Gordon was behind a council resolution that made that reminder to the ZBA. Last week, the ZBA followed that recommendation when it considered a request from an Islamic center to alter the design of a building it bought at the northwest corner of Jos. Campau and Caniff.
(Interestingly, Councilmembers Abdul Algazali, Mohammed Hassan and Anam Miah voted against Gordon’s resolution. That raises a question of why they would be against the ZBA following state law.)
The ZBA members went through the state guidelines one by one and agreed that the Islamic center did not meet any of the guidelines and thus the design change was denied.
The Al-Islah Islamic Center wanted to cover up much of the building’s windows, which required a zoning variance.
The ZBA has caught flak for some controversial decisions it made that allowed two other mosques to set up in the city’s main commercial zone on Jos. Campau.
ZBA members seemed to have forgotten that commercial zones are here for a reason: To bring in businesses.
Allowing religious centers to take over key commercial buildings is bad business. There are plenty of other places in the city for these types of activities. That’s why city officials have zoned the city for specific uses.
It’s unclear if anyone can undo the decisions made by the ZBA based on whether the boardmembers followed state guidelines when they granted the variances.
We urge the city attorney to take a look into this.
In the meantime, we found it interesting that one of the ZBA members, Nasr Hussain, advocated allowing the building’s windows to be covered up in case a person who is anti-Muslim comes along and smashes the windows.
That perfectly illustrates why a religious center of any kind should not try to repurpose a commercial building in a commercial zone. It’s simply not a good fit. Religious centers have their own unique design needs.

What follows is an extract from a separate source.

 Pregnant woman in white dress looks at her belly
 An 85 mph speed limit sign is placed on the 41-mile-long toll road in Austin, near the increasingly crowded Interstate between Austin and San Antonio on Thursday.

That’s why religious centers are not permitted in commercial zones.
It’s distressing that there are some who believe there should be exceptions. Take City Councilmember Tom Jankowski, who also sits on the Plan Commission, which decided this week to rezone an industrial area to allow mixed usage, including religious centers.
Jankowski was recently quoted in the Detroit News saying that since the city’s population is now 40 percent Muslim, the city should allow these zoning changes.
For a guy who is rumored to be running for mayor this year, that’s some scary talk. Religious centers are tax-exempt and do not belong in any commercial zones.
Is this Jankowski’s vision of economic development?
Hamtramck needs every tax dollar it can scrounge up.
There are some out there who have accused those opposing these variances of being “racists” or having “Islamaphobia.”
Those are reckless and inflammatory accusations that serve only to shut down any discussion on zoning changes.
We don’t care who makes up the majority of Hamtramck’s population. Zoning laws and guidelines were made for a reason. It’s not “racist” to demand that city officials and its residents follow the rules.
There is a place for everything in this city. Allowing a religious center of any kind in a commercial district is a bad fit.